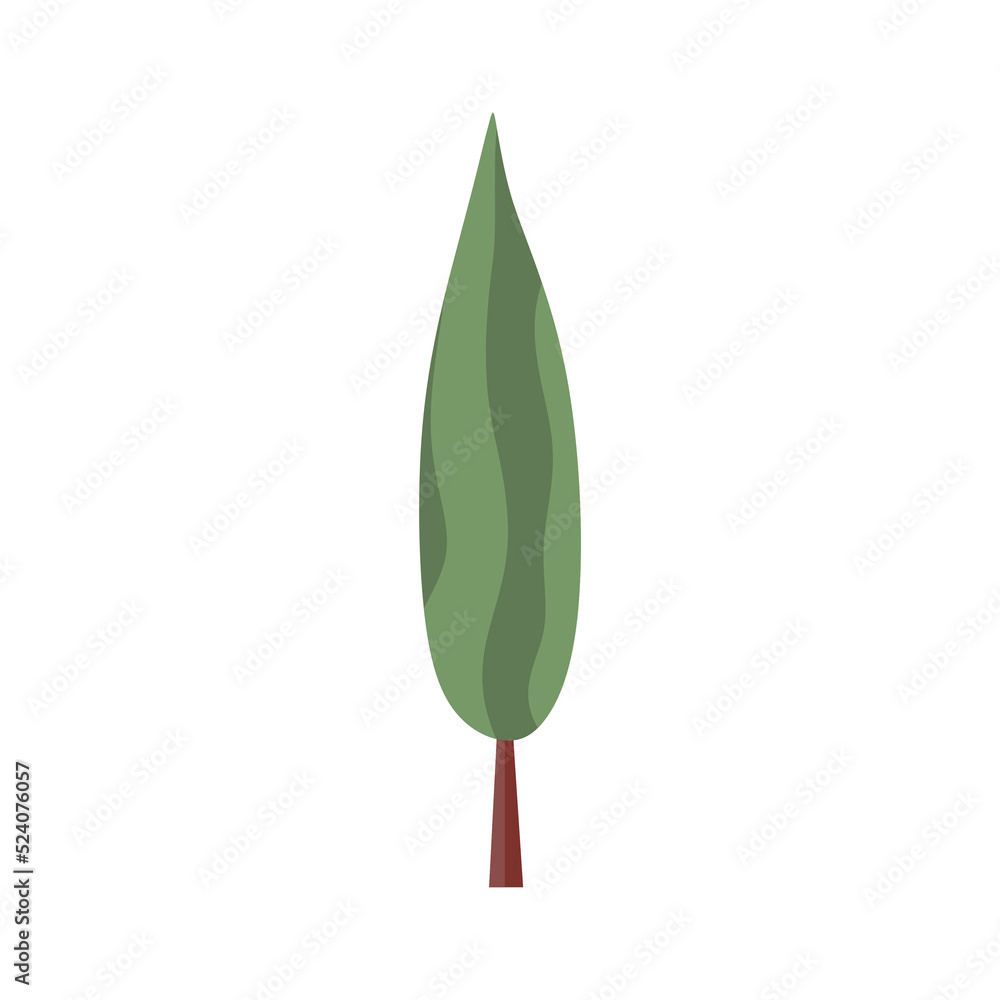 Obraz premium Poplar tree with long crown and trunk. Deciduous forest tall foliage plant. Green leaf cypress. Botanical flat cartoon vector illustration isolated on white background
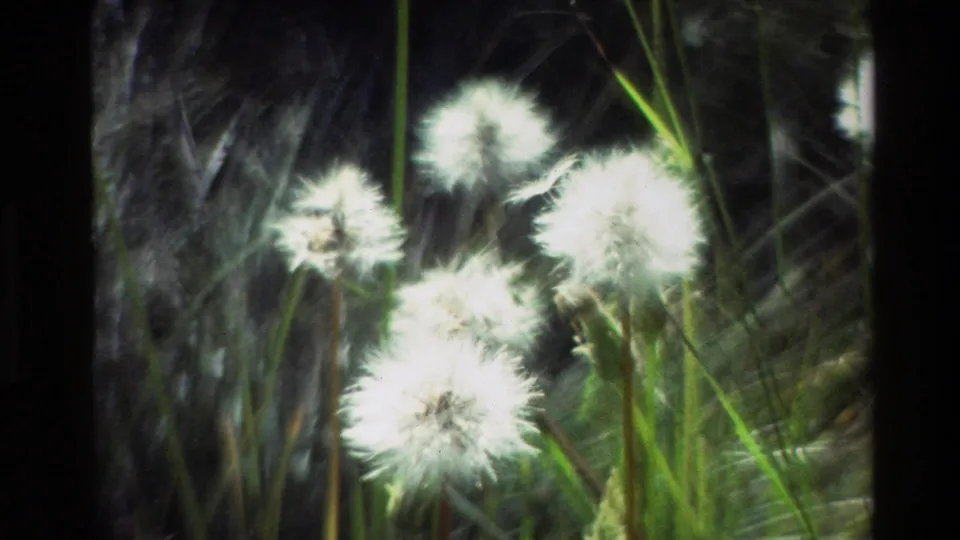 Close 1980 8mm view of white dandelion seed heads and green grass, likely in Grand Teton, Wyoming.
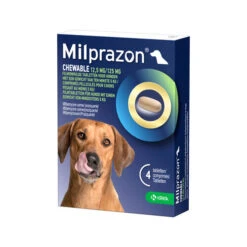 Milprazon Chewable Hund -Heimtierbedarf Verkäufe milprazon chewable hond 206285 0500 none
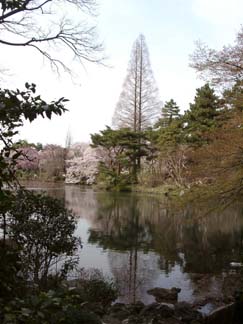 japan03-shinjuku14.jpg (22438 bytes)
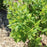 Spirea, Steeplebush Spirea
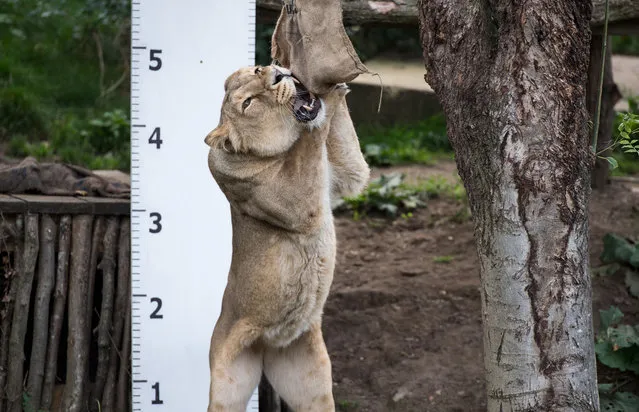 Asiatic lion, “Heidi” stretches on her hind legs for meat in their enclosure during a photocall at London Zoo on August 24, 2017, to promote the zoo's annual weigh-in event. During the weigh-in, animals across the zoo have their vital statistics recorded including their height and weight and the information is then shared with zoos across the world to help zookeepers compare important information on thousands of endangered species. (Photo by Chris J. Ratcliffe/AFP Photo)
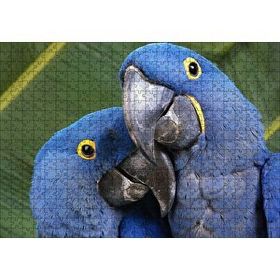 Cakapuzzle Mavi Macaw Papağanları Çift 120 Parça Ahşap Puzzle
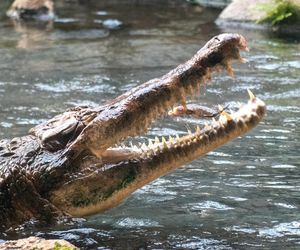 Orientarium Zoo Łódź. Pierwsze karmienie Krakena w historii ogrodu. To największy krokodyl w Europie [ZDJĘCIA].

● ● ● ● ●

-- EXERCISE BRIEF --
Only the lines from the one holding "J. Ratcliffe/AFP Photo)" through the end of the records belong in the answer, copied exactly and without pictures.

-- WRITTEN RESPONSE --
 Asiatic lion, “Heidi” stretches on her hind legs for meat in their enclosure during a photocall at London Zoo on August 24, 2017, to promote the zoo's annual weigh-in event. During the weigh-in, animals across the zoo have their vital statistics recorded including their height and weight and the information is then shared with zoos across the world to help zookeepers compare important information on thousands of endangered species. (Photo by Chris J. Ratcliffe/AFP Photo)
 Cakapuzzle Mavi Macaw Papağanları Çift 120 Parça Ahşap Puzzle
 Orientarium Zoo Łódź. Pierwsze karmienie Krakena w historii ogrodu. To największy krokodyl w Europie [ZDJĘCIA].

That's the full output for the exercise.